Fountain codes applied to files.
dotnet build -c Release Fountain\Fountain.csproj
pushd Fountain\bin\Release\net5.0
test.bat
popd
Turn a file into several fountain files:
fountain --encode file.txt file.txt.1.fountain --percent=30
fountain --encode file.txt file.txt.2.fountain --percent=30
fountain --encode file.txt file.txt.3.fountain --percent=30
fountain --encode file.txt file.txt.4.fountain --percent=30
fountain --encode file.txt file.txt.5.fountain --percent=30
...and see that there's not much overhead:
>dir
1,024 file.txt
356 file.txt.1.fountain
356 file.txt.2.fountain
356 file.txt.3.fountain
356 file.txt.4.fountain
356 file.txt.5.fountain
...then save the fountain files to various places:
move file.txt.1.fountain A:\file.txt.1.fountain
move file.txt.2.fountain B:\file.txt.2.fountain
move file.txt.3.fountain C:\file.txt.3.fountain
move file.txt.4.fountain D:\file.txt.4.fountain
move file.txt.5.fountain E:\file.txt.5.fountain
...and throw away the original file:
del file.txt
...then accidentally lose one of the fountain files:
format A:\
...but still be able to recover your file!
move B:\file.txt.2.fountain file.txt.2.fountain
move C:\file.txt.3.fountain file.txt.3.fountain
move D:\file.txt.4.fountain file.txt.4.fountain
move E:\file.txt.5.fountain file.txt.5.fountain
fountain --merge file.txt.2.fountain
fountain --decode file.txt.2.fountain file.txt
del file.txt.2.fountain
A fountain code is a forward error correction code, sort of like Reed Solomon but more flexible.
Here's how it works: split your file up into k
equal parts. Pick a random subset of those k
parts and XOR them together. That's one row in a fountain file. Once you have enough rows (usually not many more than k
) then you can decode the fountain file to get your file back.

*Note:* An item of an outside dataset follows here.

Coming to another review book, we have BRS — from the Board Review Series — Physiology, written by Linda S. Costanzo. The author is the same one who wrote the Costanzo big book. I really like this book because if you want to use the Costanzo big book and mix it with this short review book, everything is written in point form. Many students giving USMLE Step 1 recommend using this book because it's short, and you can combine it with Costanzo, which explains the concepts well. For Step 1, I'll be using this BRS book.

Here's a gentle introduction to fountain codes: https://www.matthewathomas.com/programming/2021/07/19/fountain-codes.html
One of the nice things about fountain files is you can turn a single file into multiple fountain files with different numbers of rows in each and save them in different places. Then your file is safe! It doesn't matter which rows survive but as long as roughly k
of them do then you'll be able to recover your file. If you want your file to be more safe then just generate and store more fountain files.

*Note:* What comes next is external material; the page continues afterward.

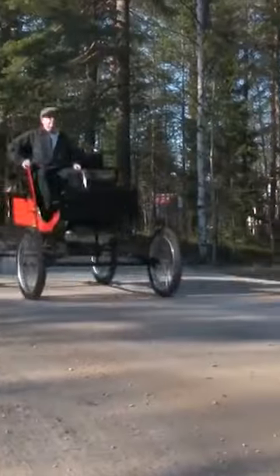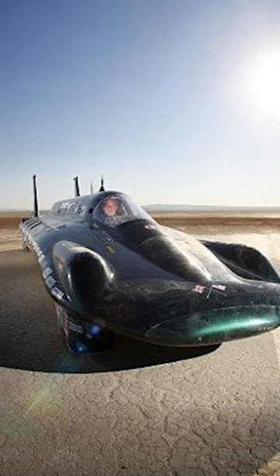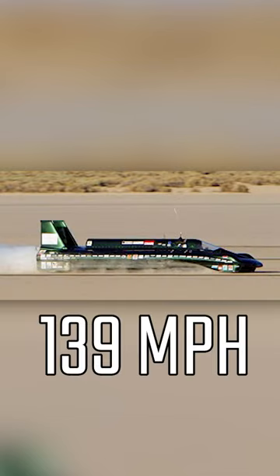Steam-powered cars. Now I know what you're thinking — they're slow and they're ancient, and for the most part you would be right. But this steam-powered car in 2009 set a land speed record at Edwards Air Force Base of 139 miles per hour.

Check the status of a fountain file
>fountain --info file.txt.fountain
file.txt.fountain
Source file SHA256: E2-8B-13-...
Source file size: 127,488 bytes
Row size: 1,992
Num coefficients: 64
Num rows: 1,024
Solvable in 32,772 steps
Compact a bloated fountain file
fountain --shrink file.txt.fountain
There are a few sections in a fountain file.
Overview - 48 bytes
- Magic ASCII string "FNT0". 4 bytes
- SHA256 hash of source file. 32 bytes
- File size. 8 byte unsigned integer (Little Endian)

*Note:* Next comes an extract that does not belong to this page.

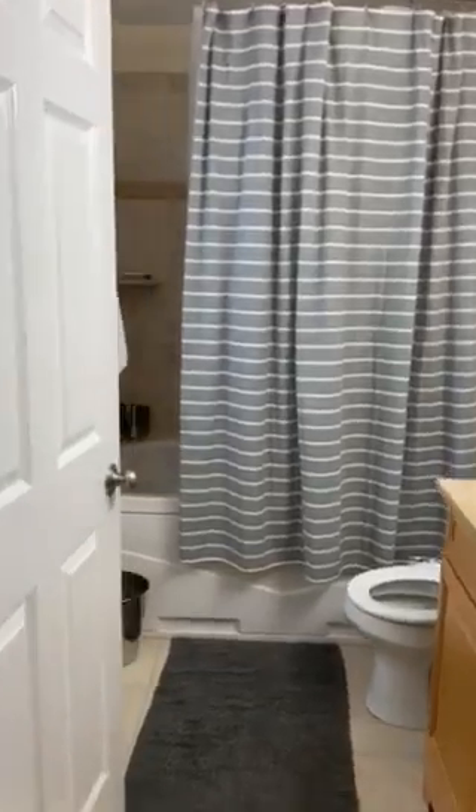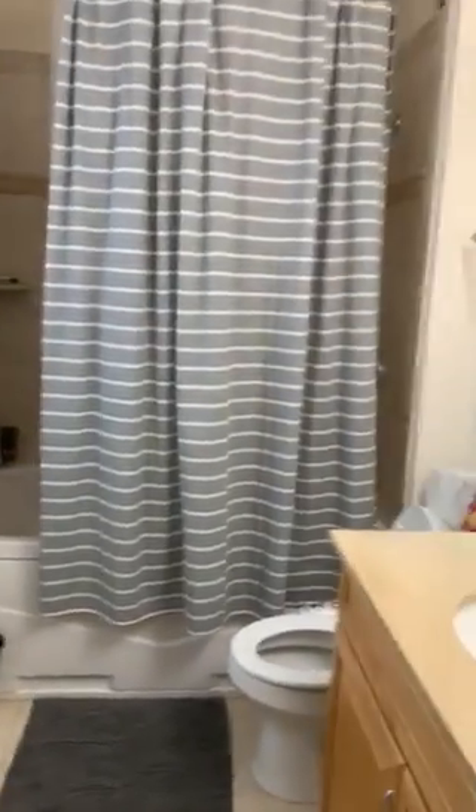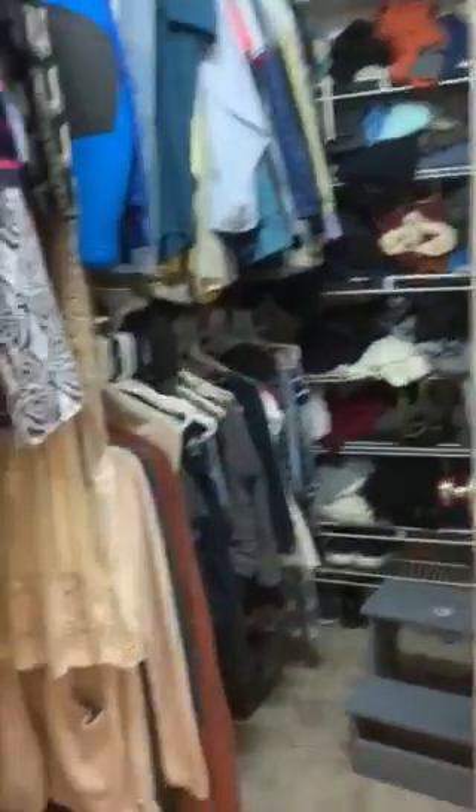The master bath has a deep garden tub, and a large walk-in closet with lots of shelving.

- Row size. 4 byte unsigned integer (Little Endian)
Data - variable bytes
The data section is a sequence of rows, each consisting of:
- Coefficients. A packed bit field
- Data. A block of
row size
bytes
The number of coefficients is ceil(file size / row size)
. The number of bytes in the packed bit field is ceil(num coefficients / 8)
. Coefficient 0 is to the far left of the bit field.
In other words, each row is row size + ceil(ceil(file size / row size) / 8)
bytes. And there can be any number of rows (including zero of them).